Why are most database indexes implemented using B+ trees? This involves complex theoretical knowledge of data structures, operating systems, computer storage hierarchies and so on, but don’t worry, this article will give you the answer in 20 minutes.

This article is the last in a series of database indexing articles that includes the following four articles:

  1. What is a database index? Xinhua Dictionary to help you understand

  2. Database index penetration – in-depth

  3. 20 minutes database index design practice – practice

  4. Why is database indexing implemented with B+ tree? –

This series covers a series of knowledge of database index from theory to practice, one-stop solution from understanding to understanding of the whole process, I believe that each article can bring you more in-depth experience.

Why use B+ trees?

You may have heard of an example in math class where the best way to find a particular number in a bunch of sorted numbers is a technique called binary search. The specific process is to find the number in the middle of these numbers, and then compare the target number is greater than or less than this number; Then continue to look for the first half or the second half of the number based on the result.

This is similar to a binary tree in a data structure. A binary tree is a structure where each node in a tree can have at most two children, whereas a B+ tree can have N children per node.

We won’t go into binary trees here, but we need to know that balanced binary trees are the most efficient data structures in memory.

However, most indexes in common databases are implemented by B+ tree. Why use B+ trees instead of binary trees to index databases when binary trees are the most efficient?

Computer storage hierarchy

The storage structure in the computer is divided into several parts, from top to bottom can be roughly divided into registers, cache, main memory, auxiliary memory. Main memory, or what we call memory; Secondary storage, also known as external storage, is common on disks and SSDS, which can be used to store files. In this storage structure, each level of storage is much slower than the previous level, so the faster the program accesses the data in the upper level of storage, the faster it will be.

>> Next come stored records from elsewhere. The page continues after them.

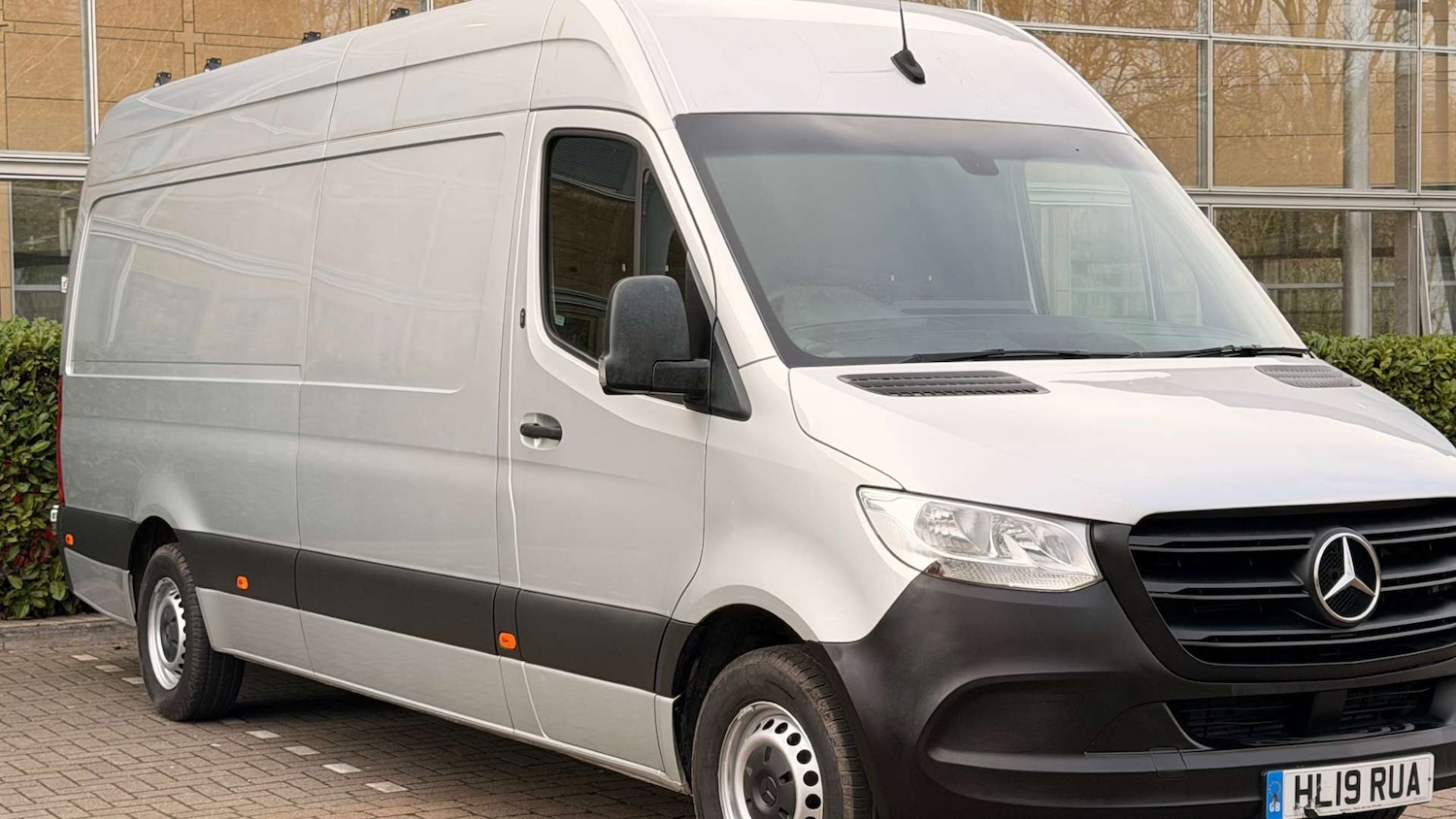 Used Mercedes-Benz Sprinter 2019 for sale - 77315532: Photo 24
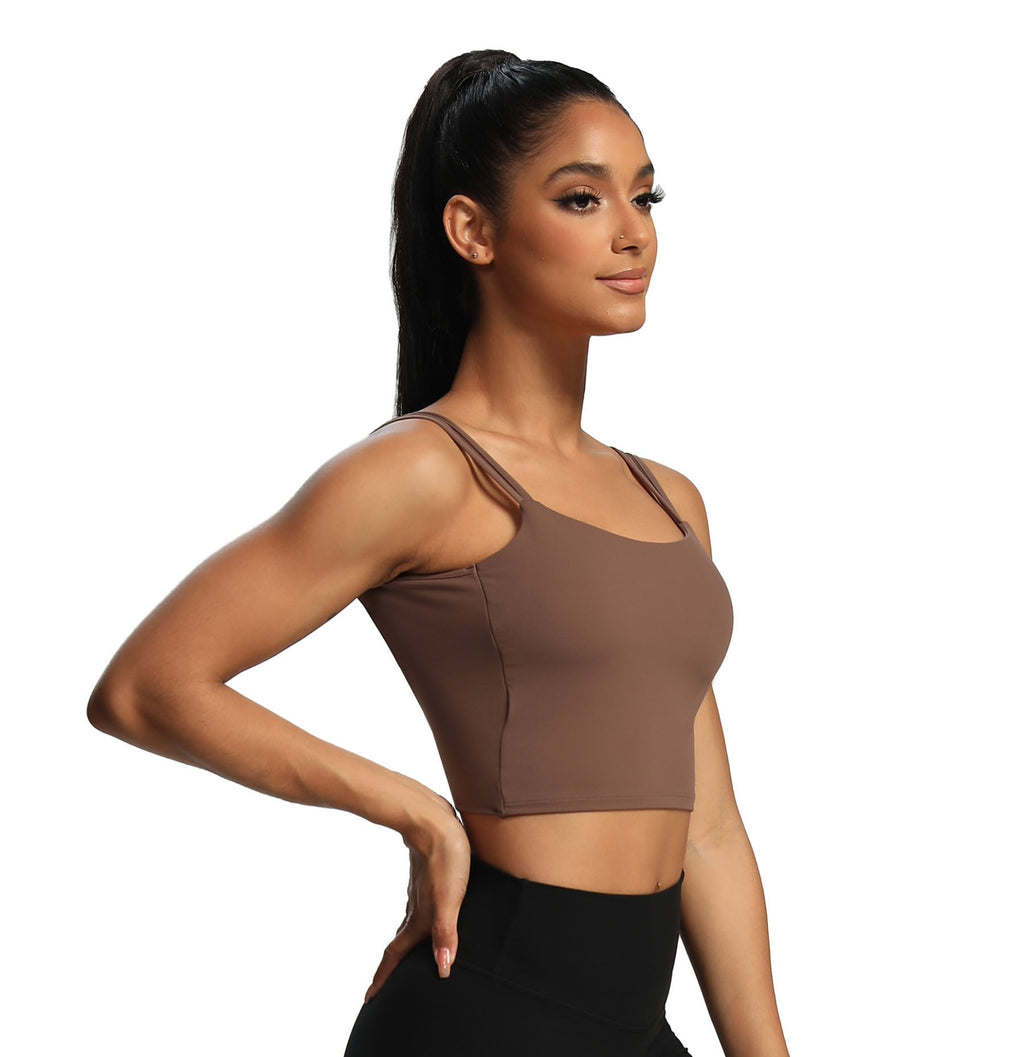 Aoxjox Twist Back Cami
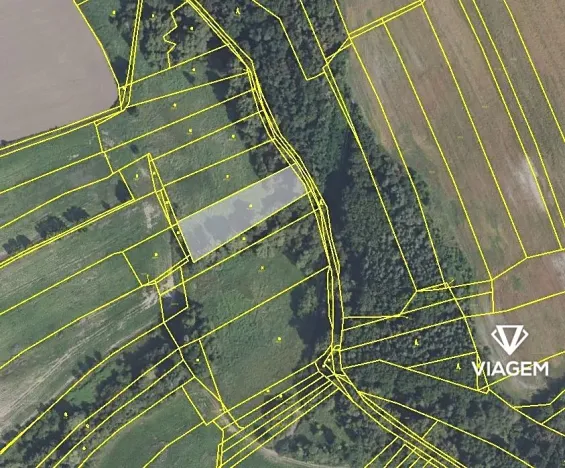 Prodej podílu pole, Praha - Koloděje, 733 m2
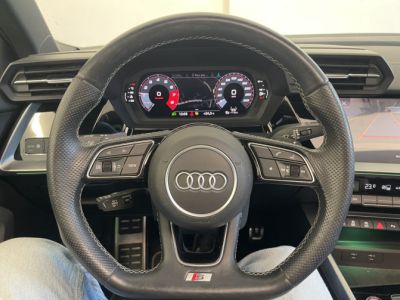 Audi S3 Limousine Berline IV 20 TFSI 310ch quattro S tronic 7   - 16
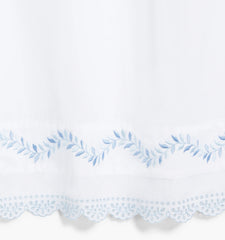 Couturebud The Top Sheet - Powder Blue Sloane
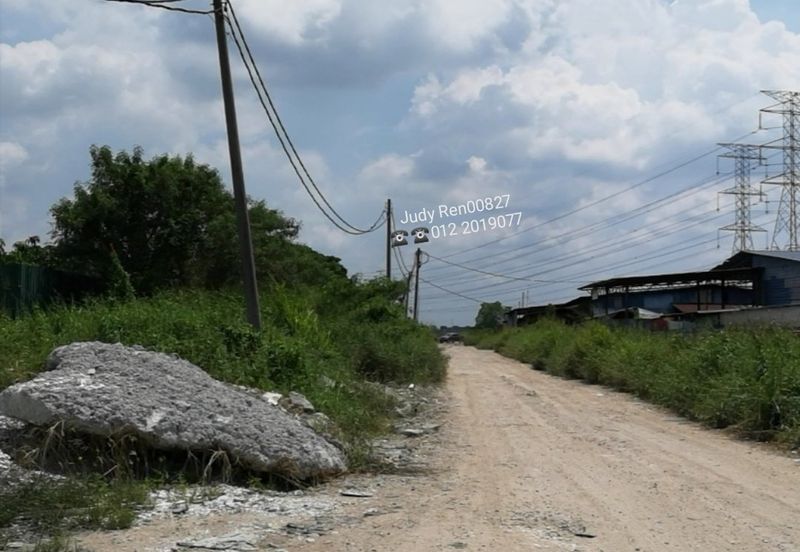 JALAN ROJION OFF JALAN JOHAN SETIA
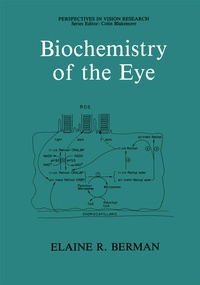 Enlarge image Cover: Biochemistry of the Eye - Plenum Publishing Co.,N.Y.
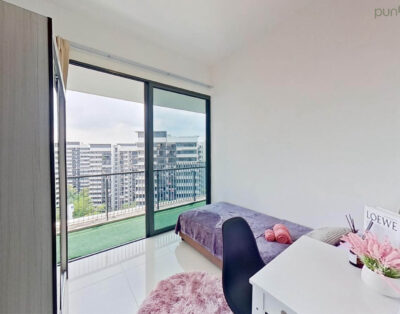 The Palette | DR4 | Common Room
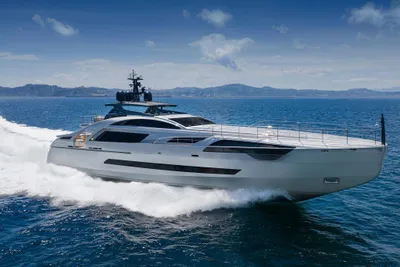 2026 Pershing 140
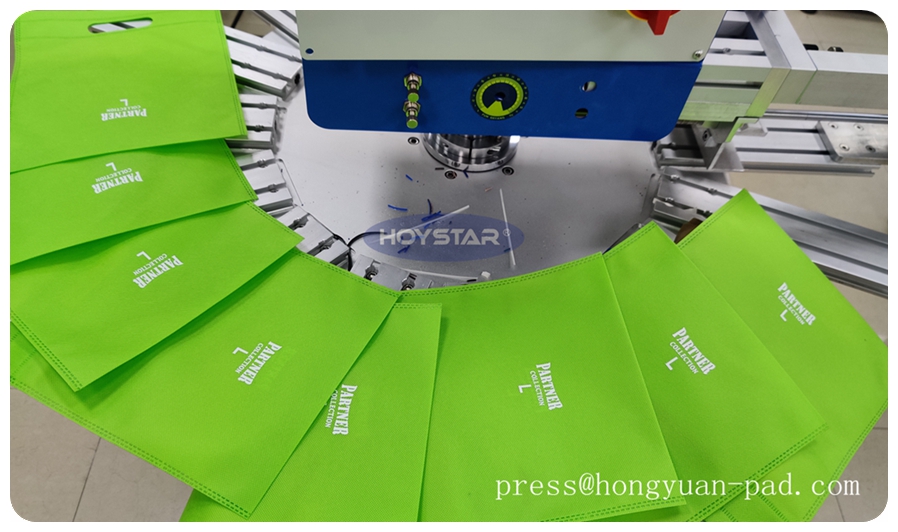 1 Color Screen Printer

Those who have programming experience know that the basic operation in the process of program operation is memory, and the access to data in external storage often needs to write some file reading and writing code to achieve. This is precisely because the CPU’s calculation speed is much faster than the storage I/O speed (input/output speed), because the CPU has to wait for the next batch of data to come in after each calculation. The shorter the wait, the faster the computer will run.

Therefore, for database indexes, because of the large amount of data, it is basically saved in external storage, so the cost of database reading an index node is very large. In the case of the same amount of data, we can know that the more values contained in a single node of the B+ tree, the fewer the total number of nodes needed in the tree, so that the number of nodes needed to visit a data query is less.

If you are not familiar with B+ trees, you can find the answer in this article – database index through.

If we think of binary trees as special B+ trees (B+ trees with only one value per node and two Pointers before and after), then we can conclude that ** Because a B+ tree has more values in its nodes (multiple values) than a binary tree (one value), fewer nodes are needed to query in a B+ tree. ** Then if the cost per read is the same, since total cost = number of reads * cost per read, we can prove that the query cost of a B+ tree is much lower than that of a binary tree.

Node read cost

But we know that reading more data is definitely more expensive, so why is it better to index a database using B+ trees than binary trees? This requires some further operating system knowledge to explain.

In modern operating systems, the units used to read data from external memory to memory are generally called “pages”, and each read requires an integer number of “pages”, not half a page or 0.8 pages. The size of a page depends on the operating system. A typical page size is 4KB=4096 bytes. So whether we want to read 1 byte or 2KB, we end up reading a full 4KB page, so the cost of reading a node depends on the number of pages that need to be read.

In this case, if the size of a node is less than the size of a page, then a portion of the time is spent reading data we don’t need at all (data outside the node), which is a lot of time wasted in binary trees; If the size of a node is larger than a page, even if it is an integer multiple of a page, then we may find the pointer in the middle of a node that we need to go to the next node, so that the data after the pointer is read for nothing, and if we do not need the data, we may not have to read a few pages.

So, in summary, database indexing using B+ trees with nodes exactly the size of a page of the operating system is the most efficient option.